When I moved from Los Angeles to Tennessee, which is a conservative state, I was looking for a house and a woman asked me in a bookstore if I was from Tennessee. I said no, and she asked me if I was from California, to which I said yes. Then the woman said to me, “Don’t make California my Tennessee,” by which she meant don’t take California politics there. I replied, “Listen lady, I’m not your problem. I promise you I’m probably more right-wing than anybody else in this state”.
The truth is that there is this fear that people who leave progressive states move to much better states and bring with them the stupid progressive policies they fled from. But I believe that those who leave for conservative states do so to be with like-minded people. There are more conservatives in Los Angeles County than any other county in the country; the problem is that there are even more liberals. So, when those conservatives move, they bring some liberal habits with them, but when it comes to voting I’m convinced that the vast majority vote conservative. They have moved to conservative states for a deeper reason than taxes.
In your other book, Speechless, you argue that the free speech movement is nothing more than a means to control and prohibit free speech.
The trap we have fallen into on the Right is to believe that the battle was between free speech and censorship. The Left started their censorship campaigns with something called the free speech movement. They pretended to be the defenders of free speech, but they only did so in order to destroy the old standards, norms, and taboos of a normal society, because all states and societies necessarily have standards, taboos, and limitations. Going back to early America, the United States has an explicit tradition of free speech and yet there was speech that was not protected: threats, insults, deception … these were things you were not allowed to say. The battle we really face is a battle between two different kinds of standards. For example, in 1950 you could teach the Bible in schools, but not pornography.
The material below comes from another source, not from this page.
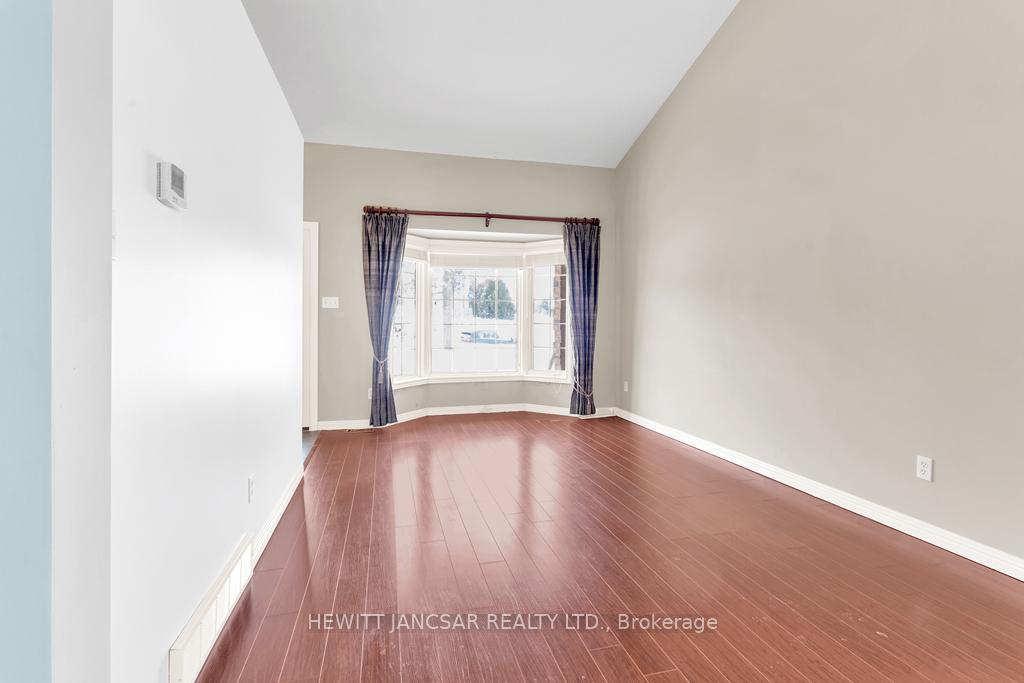 Photo 4 of 962 Glasgow Street, Kitchener — HOMEH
Today, you can teach pornography and queer gender, but what you can’t teach is the Bible. Does this represent an expansion or a restriction of free speech? Neither, it’s just a change in standards and norms. Conservatives have been concerned in recent years about procedural norms, about a public square based on honesty and neutral values, but no public square can be neutral; everything has meaning. Procedural norms are fine, but the Right has to focus on substantive goods, because without them procedural norms mean nothing. Freedom of speech in the abstract means nothing to people who have nothing to say.
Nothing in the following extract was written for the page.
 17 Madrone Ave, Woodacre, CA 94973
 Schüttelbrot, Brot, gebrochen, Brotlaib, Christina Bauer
Antonio Gramsci talked about changing the cultural basis of society, and now pornography is the new cultural basis.
Yes, and appeal to basic human passions. Gramsci, when he was trying to instigate his cultural revolution by recognising the failure of Marxism, understood that it was necessary to hold on to common sense if you want to succeed in revolution, because people don’t like abstract theories. They like their way of life and their traditions, and you have to infiltrate that and wage a war of positions, rather than a war of movements. The Left has done this by infiltrating the institutions and controlling their power. Today, the Left controls virtually every institution in the United States, including much of the military, which has always been conservative.
The Left has been very good at retaining power, not just here, but in many other countries in the West, and this has not been a five or ten year campaign—this is a hundred year campaign. If we are going to turn that around in Western nations, we are going to have to recognise that this is a marathon, not a sprint, and we are going to have to build our fortitude and have a long-term political vision. Fortitude is not just a virtue, it is a prerequisite for other virtues, and without it we will achieve nothing.